Runbook: Certificate Expiry
Alert
- Prometheus Alert:
CertManagerCertExpirySoon/CertManagerCertNotReady - Grafana Dashboard: cert-manager dashboard
- Firing condition: Certificate will expire within 30 days, or Certificate resource is in a not-ready state
Severity
Critical -- Expired certificates cause TLS failures across the platform, breaking ingress traffic, inter-service communication, and webhook connectivity.
Impact
- Istio ingress gateway stops accepting HTTPS connections
- Webhook services (Kyverno, cert-manager) fail validation/mutation
- Internal mTLS certificates may fail rotation, degrading mesh communication
- Harbor, Grafana, Keycloak UI access via Istio gateway breaks
Investigation Steps
- List all certificates and their status:
kubectl get certificates -A
- Check for certificates that are not ready or near expiry:
kubectl get certificates -A -o custom-columns='NAMESPACE:.metadata.namespace,NAME:.metadata.name,READY:.status.conditions[0].status,EXPIRY:.status.notAfter,RENEWAL:.status.renewalTime'
- Describe the failing certificate for detailed condition messages:
kubectl describe certificate <certificate-name> -n <namespace>
- Check cert-manager controller logs for errors:
kubectl logs -n cert-manager deployment/cert-manager --tail=100
- Check the CertificateRequest resources associated with the failing certificate:
kubectl get certificaterequest -n <namespace>
kubectl describe certificaterequest <name> -n <namespace>
- Check the Order and Challenge resources (for ACME/Let's Encrypt issuers):
kubectl get orders -A
kubectl get challenges -A
- Verify the ClusterIssuer or Issuer is ready:
kubectl get clusterissuers
kubectl describe clusterissuer <issuer-name>
- Check cert-manager webhook health:
kubectl get pods -n cert-manager
kubectl logs -n cert-manager deployment/cert-manager-webhook --tail=50
- Check the cert-manager HelmRelease status:
flux get helmrelease cert-manager -n cert-manager
Resolution
Certificate stuck in not-ready state
- Delete the failing CertificateRequest to trigger a new one:
kubectl delete certificaterequest <name> -n <namespace>
- Force cert-manager to re-issue by adding a temporary annotation:
kubectl annotate certificate <name> -n <namespace> cert-manager.io/issue-temporary-certificate="true" --overwrite
- Then remove it to trigger the real issuance:
kubectl annotate certificate <name> -n <namespace> cert-manager.io/issue-temporary-certificate-
ClusterIssuer not ready (self-signed CA)
- Check the CA secret exists:
kubectl get secret -n cert-manager | grep ca
- If the root CA secret is missing, recreate it. Check the ClusterIssuer spec for the expected secret name:
kubectl describe clusterissuer sre-ca-issuer
- Re-apply the cert-manager manifests via Flux:
flux reconcile helmrelease cert-manager -n cert-manager
ACME challenge failure (Let's Encrypt)
- Check challenge status:
kubectl describe challenge <name> -n <namespace>
- Verify DNS is resolving correctly for the domain
- Verify the HTTP-01 solver can reach the challenge endpoint (check Istio gateway and VirtualService)

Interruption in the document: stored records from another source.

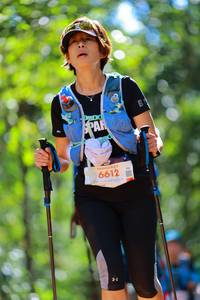 BIB: 6612, 
                            <button type="button" onclick="openModal(19023129)" class="btn btn-primary btn-sm float-right btn-popup" data-toggle="modal" data-target=".modal-high-quality">
                        <i class="fas fa-shopping-cart"></i> Add to Cart
                    </button>
                                            <button type="button" onclick="isThisMe(19023129, true)" class="btn btn-success btn-sm float-right btn-popup btn-isme hidden" data-toggle="tooltip" data-placement="bottom" title="นี่คือรูปของคุณใช่ไหม คลิกที่นี่เพื่อเอาเข้าอัลบั้ม">
                        <i class="fas fa-plus"></i> Add to album
                    </button>
                    <button type="button" onclick="isThisMe(19023129, false)" class="btn btn-warning btn-sm float-right btn-popup btn-isnotme hidden">
                        <i class="fas fa-ban"></i> Remove from album
                    </button>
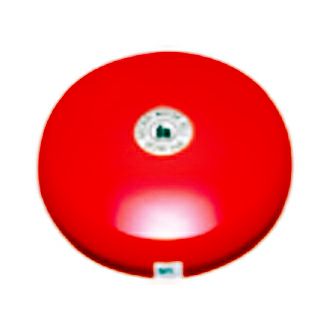 FBB-150JW ホーチキ 音響装置（ベル）防雨型の通販情報 - 電池屋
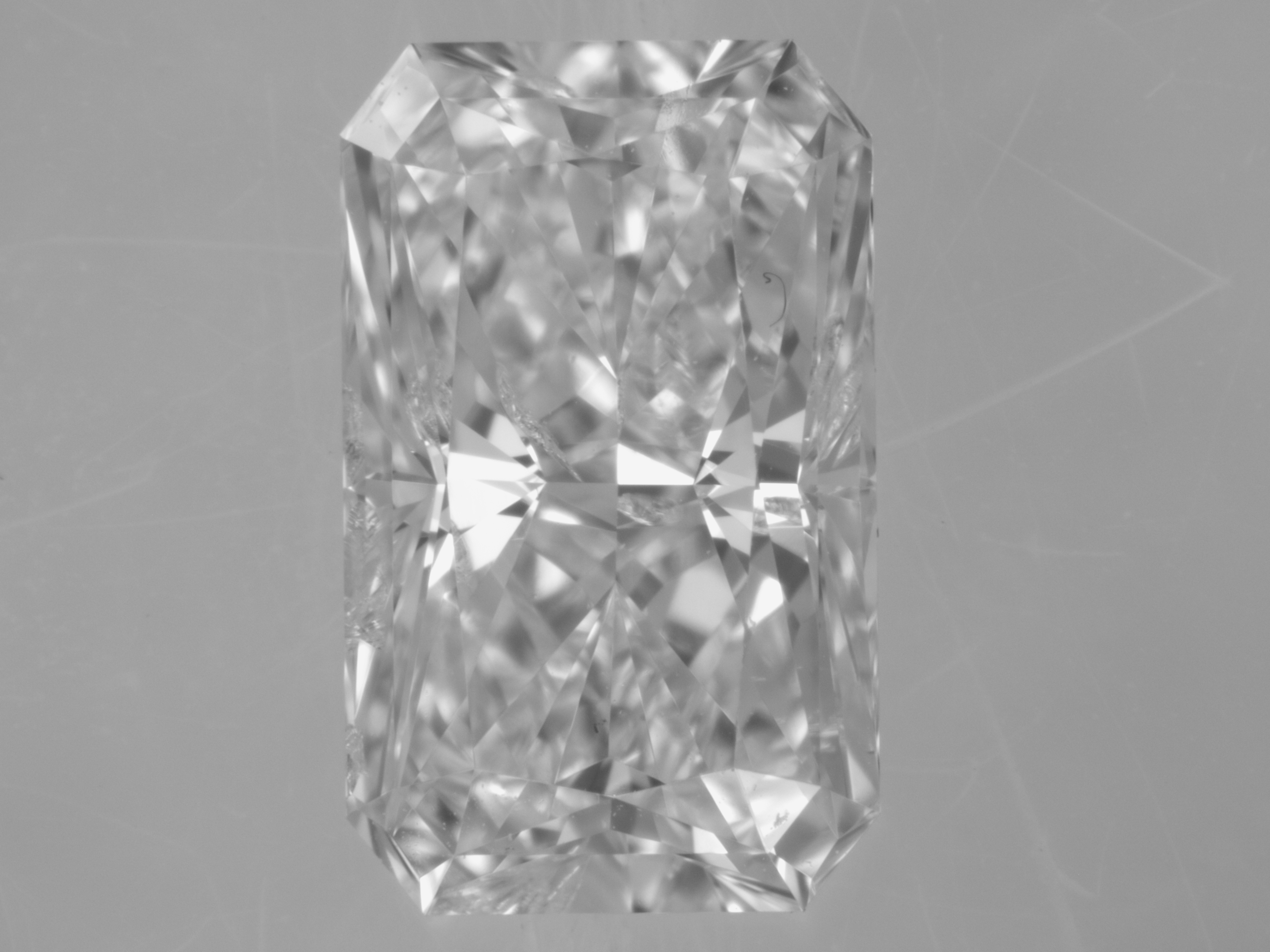 RDI Diamonds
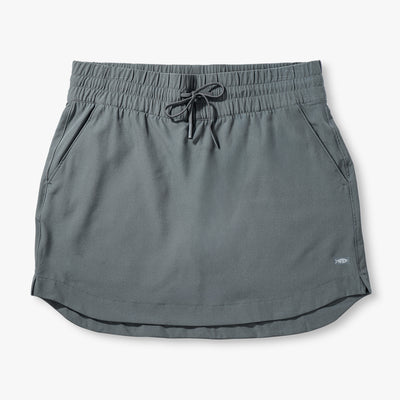 Women's Strike Skort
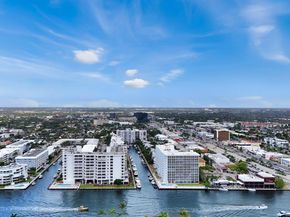 3100 NE 48th Street Ph10, Fort Lauderdale FL 33308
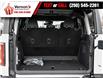 2023 Ford Bronco Base (Stk: P7172) in Vernon - Image 11 of 30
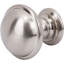 Ronan Diameter Round Knob-54529842-126678206
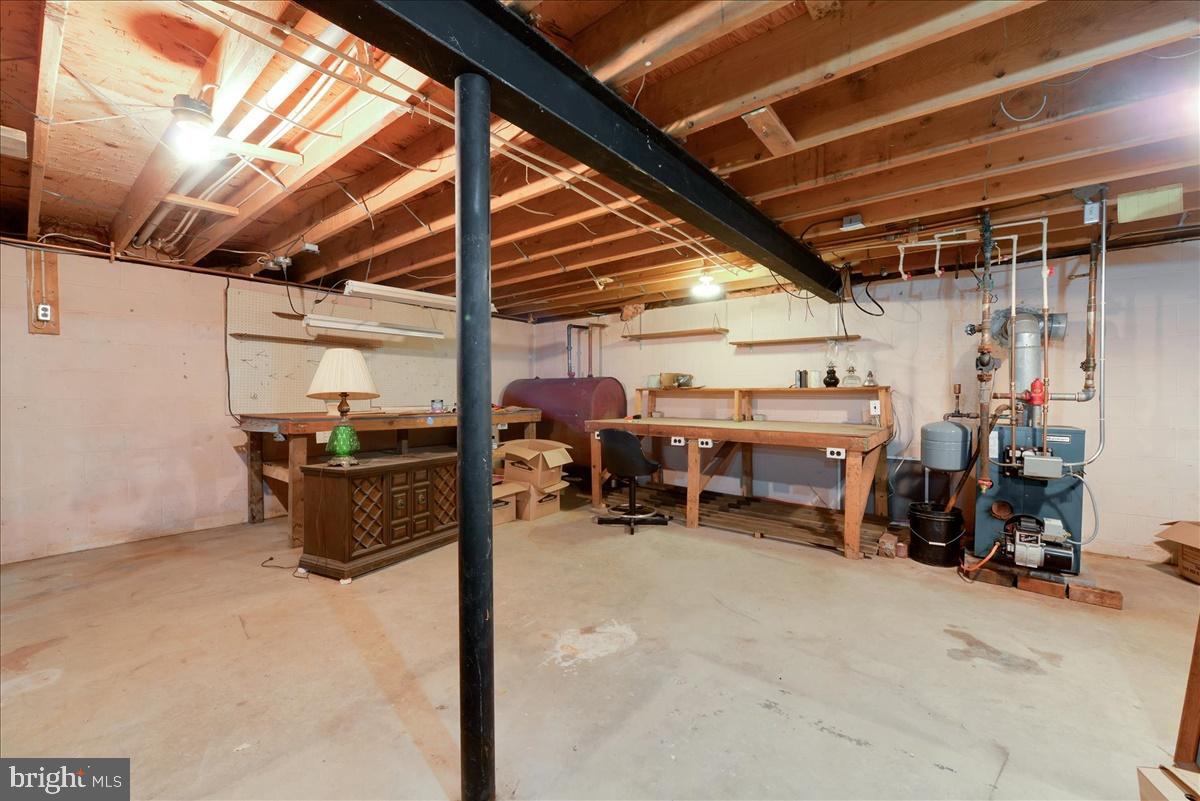 798 Noble Road Christiana, PA 17509 - Photo 23 of 26 V2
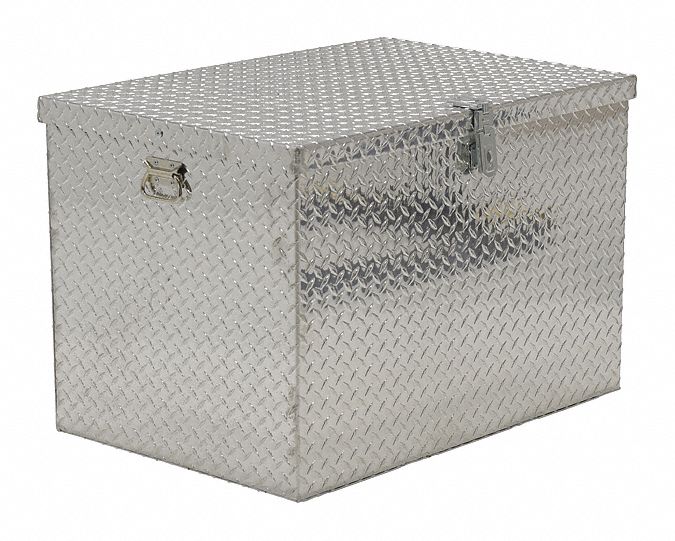 Vestil 3G-OTH-302757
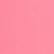 color: Pampelonne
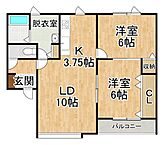 北海道帯広市西九条南32丁目：物件画像／株式会社丸正池田　ピタットハウス帯広中央店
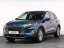 Ford Kuga EcoBoost Titanium X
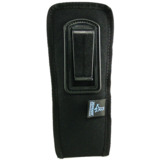 Jensen Tools 216-425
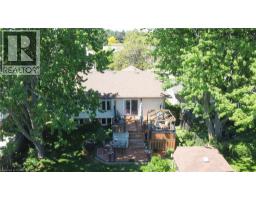 36 WESTCHESTER Drive - 48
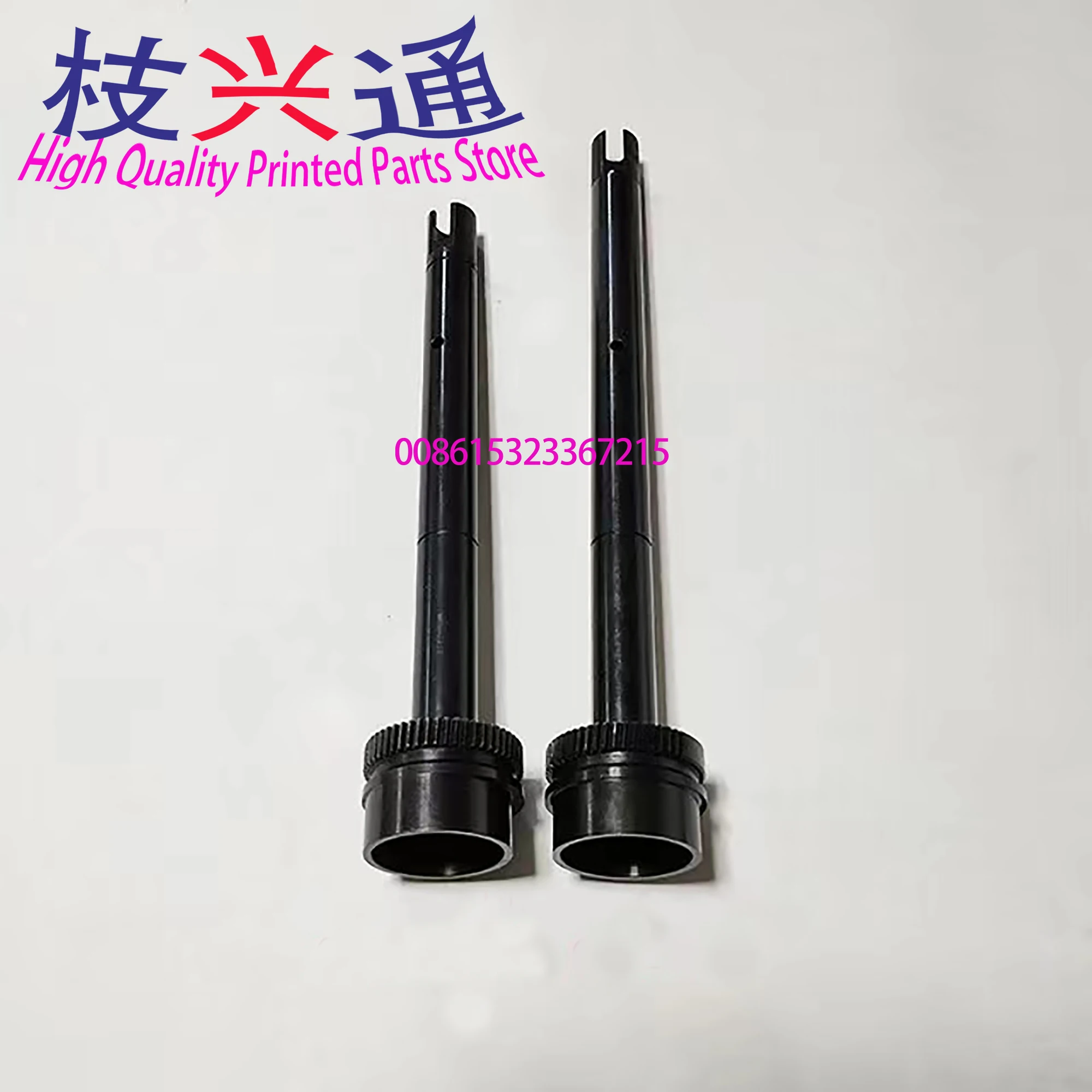 Wysokiej jakości wałek przekładniowy 71.010.044S 71.010.046S 71.010.047S 71.010.048S, wałek skrzyni biegów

Manual certificate renewal
- Delete the existing secret to force re-issuance:
kubectl delete secret <tls-secret-name> -n <namespace>
- cert-manager will detect the missing secret and re-issue automatically
cert-manager pods not running
- Check the HelmRelease:
flux get helmrelease cert-manager -n cert-manager
- If the release is in a failed state, suspend and resume:
flux suspend helmrelease cert-manager -n cert-manager
flux resume helmrelease cert-manager -n cert-manager
- Force reconciliation:
flux reconcile helmrelease cert-manager -n cert-manager --with-source
Prevention
- Monitor the
certmanager_certificate_expiration_timestamp_secondsmetric in Prometheus - Set alerting thresholds at 30 days (warning) and 7 days (critical) before expiry
- Ensure cert-manager has sufficient RBAC to create/update secrets in all namespaces
- Test certificate renewal in a staging environment before production
- Keep cert-manager updated via the Flux HelmRelease version pin (currently
1.14.4) - Verify ClusterIssuer health after any cert-manager upgrade
Escalation
- If certificate issuance fails after multiple retries: check upstream issuer (Let's Encrypt rate limits, internal CA health)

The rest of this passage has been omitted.